Both “estate” and “contrast” ultimately derive from Latin “stare”, meaning (among other things) “stand”.

“Contrast” is a shortened form of the Latin “contrastare” (“contra-” meaning “against”, so “stand against”, which is a literal description of what you do when you compare things).

“Estate” comes to English via the Latin “stare” ➔ “status” (“position, place”), which then gives the English “state” and eventually “estate”.

“Pay” and “peace” are descended from the Latin “pax”, meaning “peace”.

“Pay” takes a slightly longer journey than “peace”, coming from Latin “pacare”, meaning “appease”, as in “appeasing a creditor”. So etymologically, to “pay” someone means to “create peace by settling a debt”.

These words all descend from the Greek “karkinos”, meaning “crab”, which became “cancer” in Latin.

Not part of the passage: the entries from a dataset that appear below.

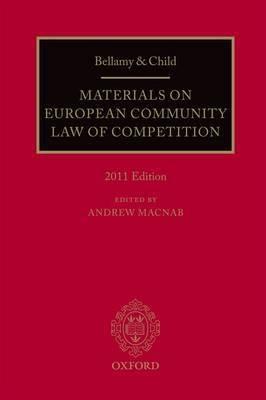 Materials on European Community Law of Competition "Bellamy and Child"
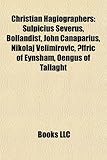 Christian Hagiographers: Sulpicius Severus, Bollandist, John Canaparius, Nikolaj Velimirovi, Lfric of Eynsham, Engus of Tallaght-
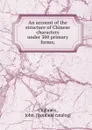 An account of the structure of Chinese characters under 300 primary forms; - John Chalmers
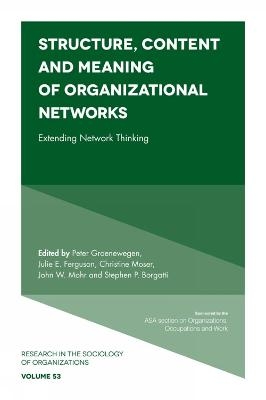 Structure, Content and Meaning of Organizational Networks - 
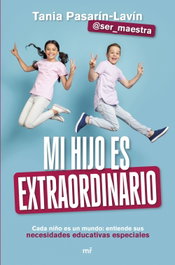 Mi hijo es extraordinario, Tania Pasarín-Lavín - MARTINEZ ROCA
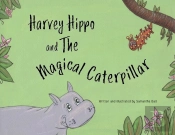 Harvey Hippo And The Magical Caterpillar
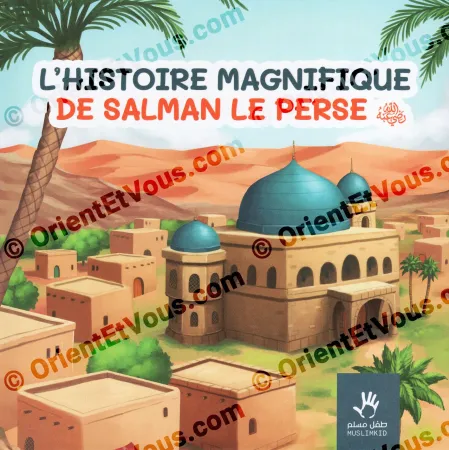 L’histoire magnifique de Salman le Perse – Livre jeunesse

“Cancer” was applied to tumors because the swollen veins around a tumor were said to look like a crab.

“Cancer” had an alternative meaning, “enclosure” (which is, historically, where the meaning “crab” was derived, because of the way a crab’s pincers form a circle). This alternative meaning helped the word evolve into the Latin “cancellus” – a barrier dividing two parts of a building. Applied metaphorically, this eventually became the English “cancel”.

“Chancellor” comes from the Latin “cancellarius”, originally a court official who, wanting to be separated from the public, stood on one side of a cancellus.

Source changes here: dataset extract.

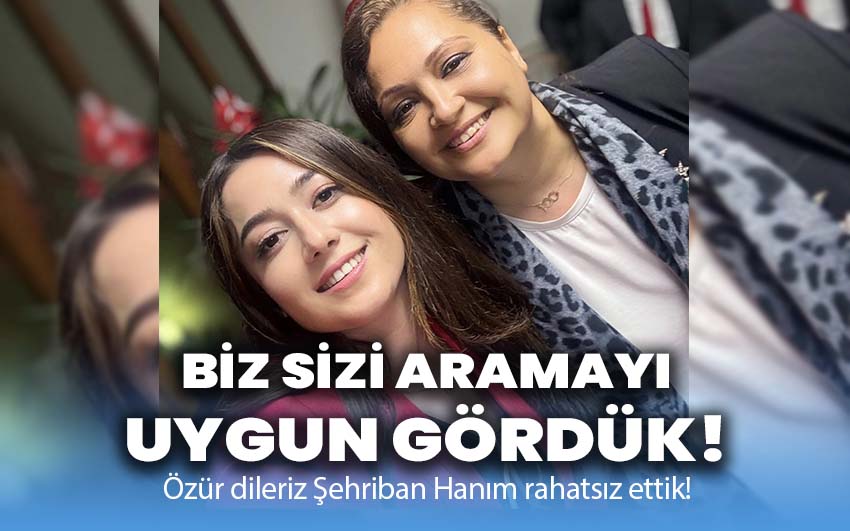 Özür dileriz Şehriban hanım rahatsız ettik!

I find etymologies like this that have clear physical roots especially fascinating.

“Fantastic” and “phenotype” both descend from the Greek “phainein”, meaning “show”.

The path from “phainein” to “phenotype” is fairly plain, but “fantastic” takes a longer path via Greek “phantos” (“visible”) ➔ Greek “phantazesthai” (“have visions, imagine”) ➔ Greek “phantastikos” (“imaginary, fantastic”) ➔ Old French “fantastique” (“fantastic”).

The leap from a word meaning “imaginary” to a word meaning “fantastic” struck me as odd initially, but apparently it comes from the sense of the word “imaginary” as “unreal”.

Both words ultimately descend from Latin “lex”, meaning “law”.

“Legal” takes a short hop from the Latin “legalis”.

The history of “college” is more complicated – “lex” became Latin “lego” (“choose, appoint”) ➔ Latin “collega” (“partner”, or “one chosen to work with another”) ➔ Latin “collegium” (“group of colleagues”). So a “college” is, etymologically speaking, a group of people chosen to work together.

Historically, this word was often used to refer to a corporation, and only became associated with universities in the past couple hundred years.

“Lien” and “ligament” are descended from the Latin “ligare”, meaning “tie”. Both words have taken relatively short paths to their current English forms.

This is another case that I find so delightful in which a word with a physical meaning (“ligare”) has taken a metaphorical leap to become a modern word (“lien”).

While it seems like “journal” and “journey” should be close cousins, their nearest common ancestor is in fact quite old – the Latin “diurnus”, meaning “daily”.

A “journal” is a book written in to record the day.

A “journey” was historically the distance that could be traveled in a single day. The “in a single day” bit of that has since been lost, leaving “journey” to just mean “travel”.

I never would have picked those two words out of a lineup as having a shared etymological root, but sure enough it sits right there – the “du” in the middle of each word, which ultimately derives from Latin “duco”, meaning “lead”.

“Educate” comes from the Latin “eductus”, meaning to “lead or bring out”, and then the Latin “educare” (“raise, train, mould”). I love the image of education as the process of extruding a refined person out of a base of unrefined material.

“Subdue” comes from the latin “subduco”, meaning “lead under”. Again, a very clear physical description of what the word means – to put beneath you, or bring under control.